KARACHI: Karachi witnessed a series of protests last year after city authorities went on a killing spree of stray dogs.
Actress Nadia Jamil took to Twitter and shared her grief about how two of her dogs were killed after consuming poisoned meat left by officials in a bid to control the population of stray dogs.
She was joined by many other voices that demanded the Karachi Metropolitan Corporation (KMC) and Cantonment Board Clifton (CBC) to end the brutality and find an alternative to culling of dogs in Karachi and other cities.
When asked if CBC has changed their policy towards dog culling, an official told Cutacut they are left with no option but to shoot ‘mad’ dogs on a daily basis.
“We receive complaints and only after the complainant signs a document, we kill the dog roaming around in his area,” the official stated.
He says that the area they most complaints is from Karachi’s DHA Phase 8 since “the area is less inhabited and has more restaurants where dogs roam in search of food.”
Karachi-based vet Dr Zulfiqar Haider Otho believes there definitely is an alternative to culling. “We can deal with the issue by organising workshops where we can sterilise dogs. He has tried this method with the help of animal rights societies.

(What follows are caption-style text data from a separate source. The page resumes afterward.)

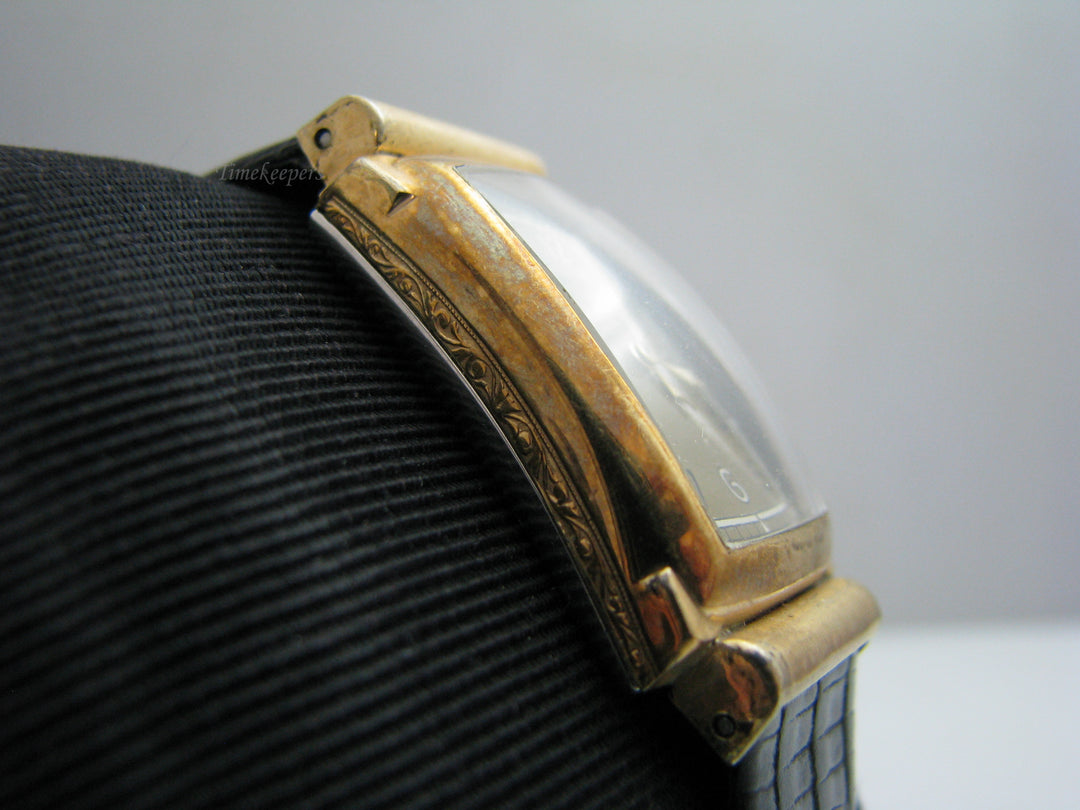 b624 Stylish Vintage Men's Gold Tone Mechanical Bulova Wristwatch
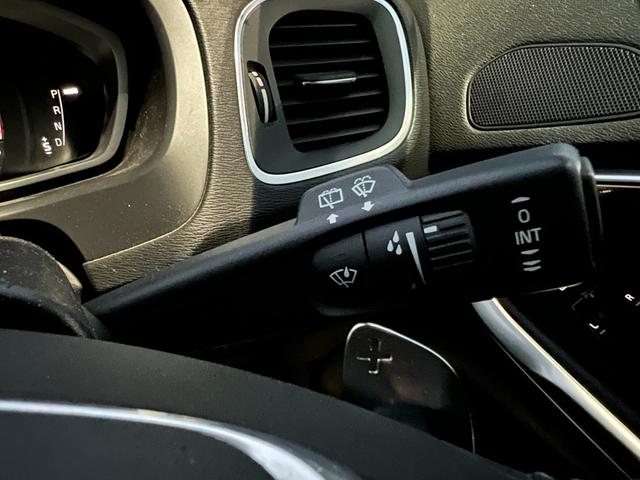 Ｖ４０ Ｄ４　Ｒデザイン　ポールスターエディション　チューンドバイポールスター足廻り　スリットローター　ＯＰリアウイング　ＬＥＤヘッドランプ　ナビ　バックカメラ　クリアランスソナー　オートクルコン　レーンアシスト　シートヒーター　スマートキー（10枚目）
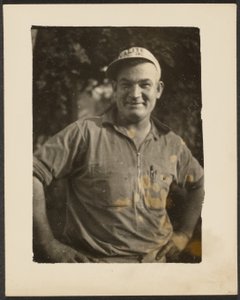 [Uomo con cappello Valite Inc.]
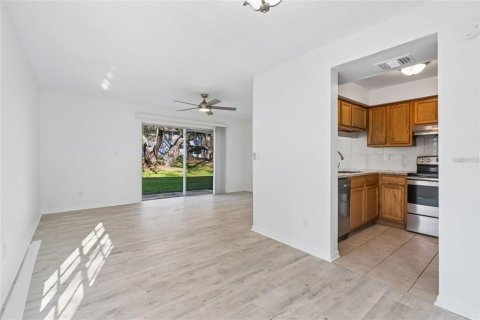 Townhouse in Tampa, Florida 3 bedrooms, 127.09 sq.m. № 2395930 - photo 21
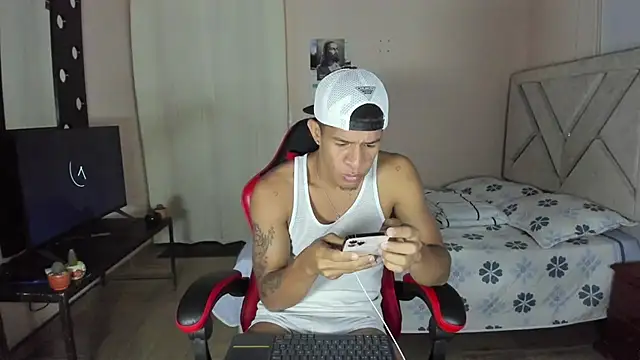 Toptony22 Live XXX-Chat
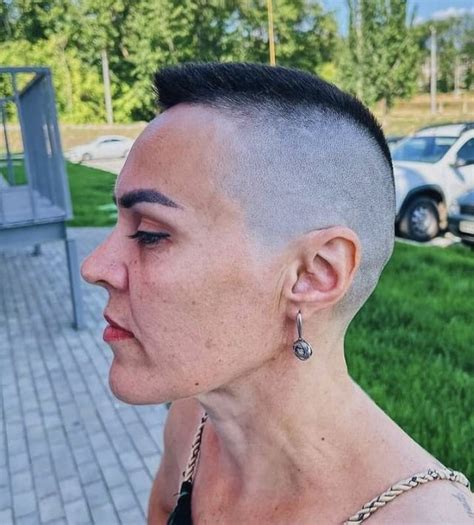 pin by david connelly on women with white sidewall haircuts super short hair flat top haircut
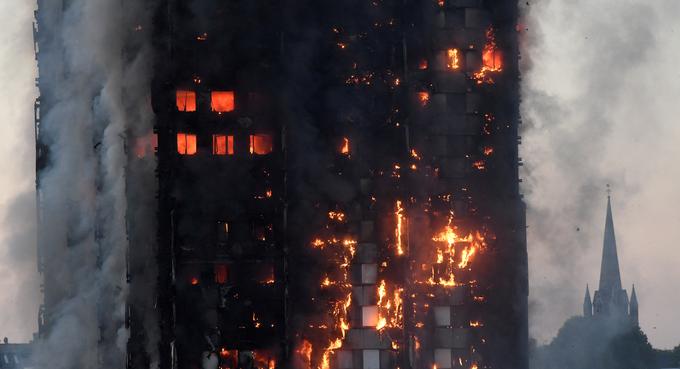 Požar v stolpnici Grenfell Tower.  | Foto: Reuters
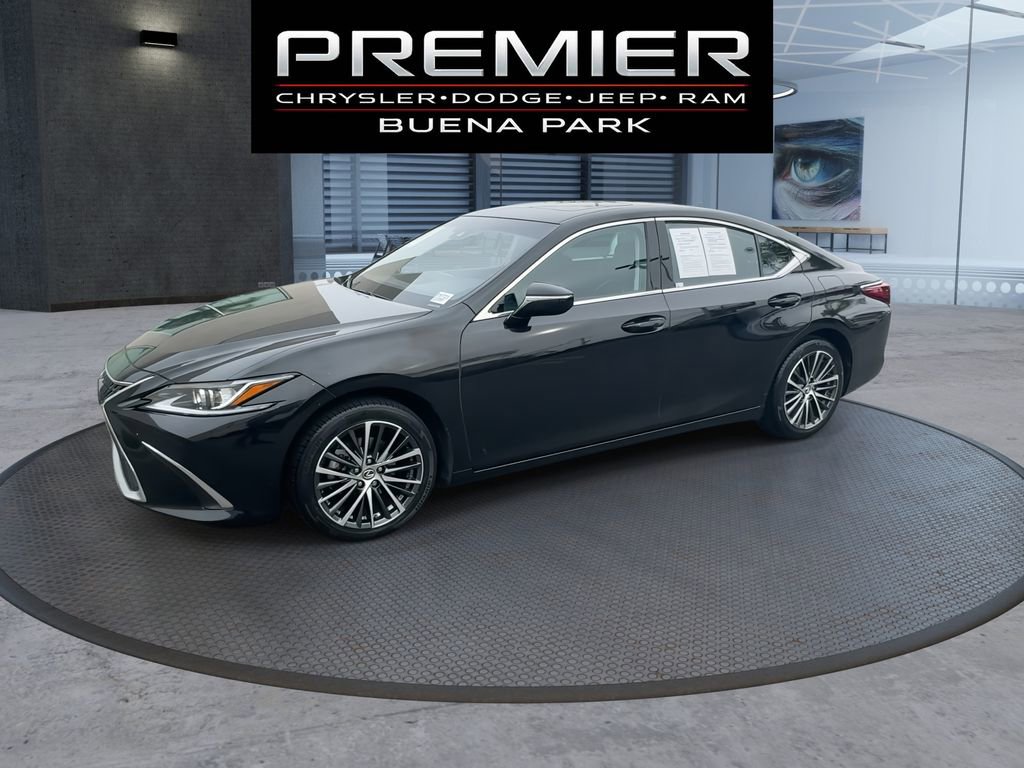 Used 2023 Lexus ES 250 w/ Premium Package image 4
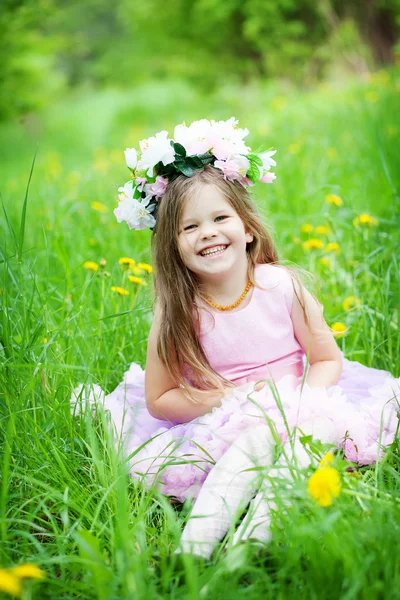 Милая маленькая девочка на открытом воздухе — стоковое фото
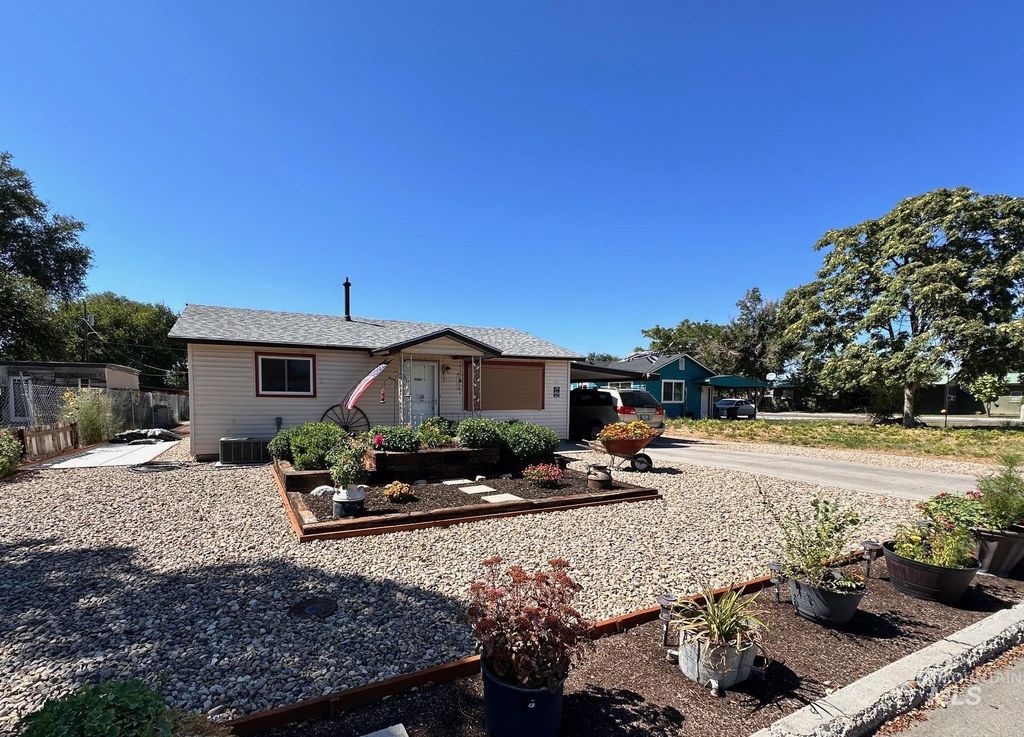723 N 2nd St., Nyssa, OR 97913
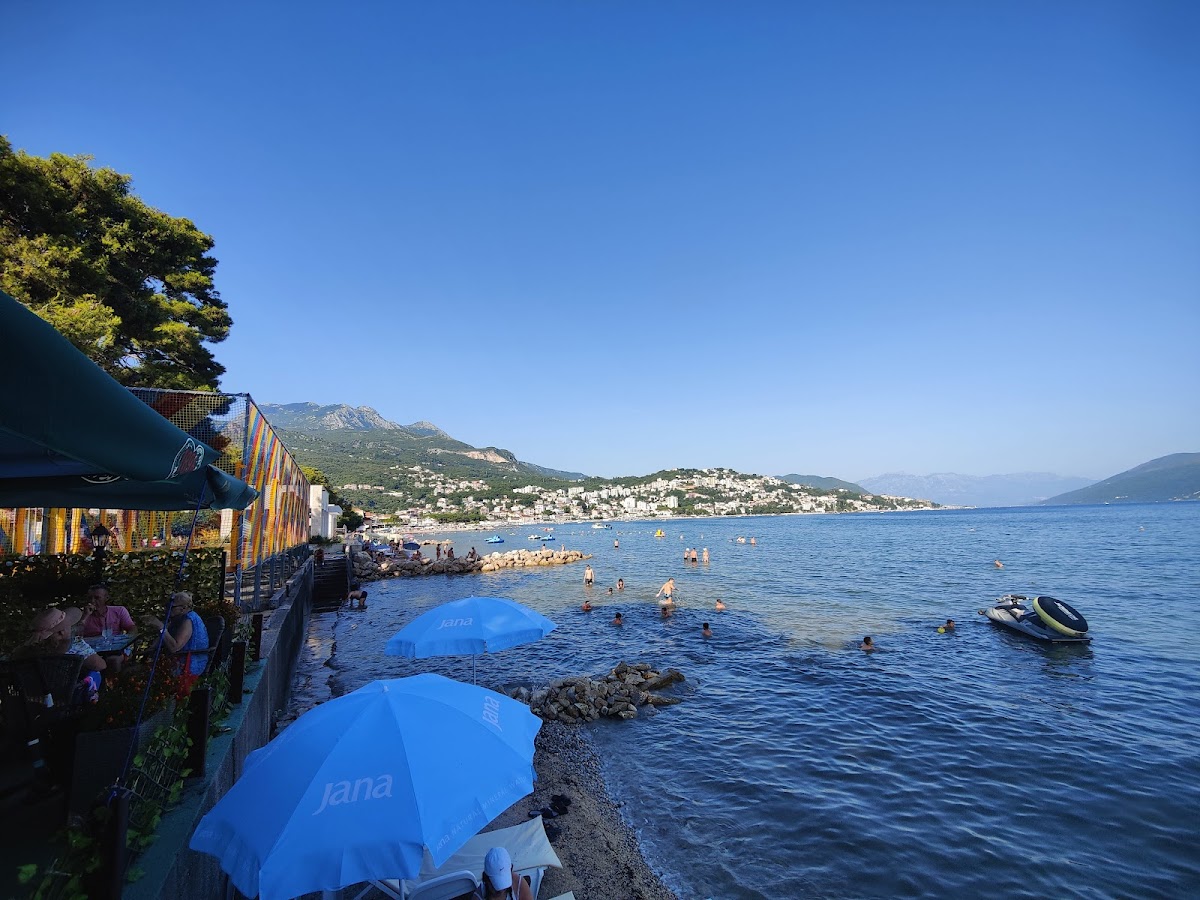 Beach Bar Pivo & Kobaje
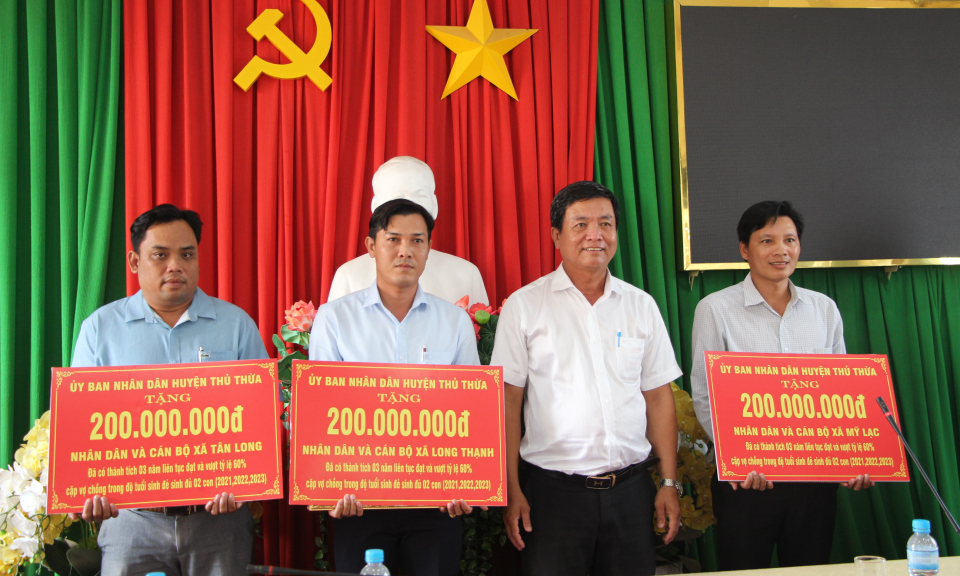 Thủ Thừa tiếp đoàn phúc tra kết qủa phong trào dân số năm 2024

However, the project is quite expensive as the surgery costs at least Rs1,000 for a male dog and Rs3,000 for a female dog, according to Dr Otho.
“To cut the cost, we can only work on female dogs, mark them and release them once the surgery is done. This will significantly help even if we carry out this practice once a year,” he says.
Mahera Omar, who is co-founder of the Pakistan Animals Welfare Society (Paws), has been working to raise awareness about animal rights in Karachi for the past 15 years.
“We have to learn to co-exist with dogs who are also part of our surroundings,” says Mahera, whose organisation has partnered with several other entities to form Rabies Free Karachi (RFK).
“We would receive calls from people who would request us to come and kill a dog in their area because it was troubling them. So, first, we have to raise social awareness in our society about coexisting with dogs and doing away with culling,” she adds.
RFK was launched with Indus Hospital, Paws, KMC on board to cope with the growing numbers of dogs in the city. RFK is headquartered in Karachi’s Ibrahim Hyderi where with the help of volunteers, vets and animal rights activists, the organisation brings in dogs for vaccination and to neuter them.
So far, RFK has managed to complete 500 sterilisation surgeries and 2,200 vaccinations on dogs.
“We also go door-to-door to raise awareness about animal rights as we have seen that often residents and union councilors poison dogs at their own to get rid of them from their areas,” Mahera says.
“It is not allowed for people in India to kill or relocate dogs in their areas. If anyone has an issue with a dog, they can contact the authorities, but the authorities do not relocate or kill dogs – they only remove dogs that may be suspected of rabies,” she adds.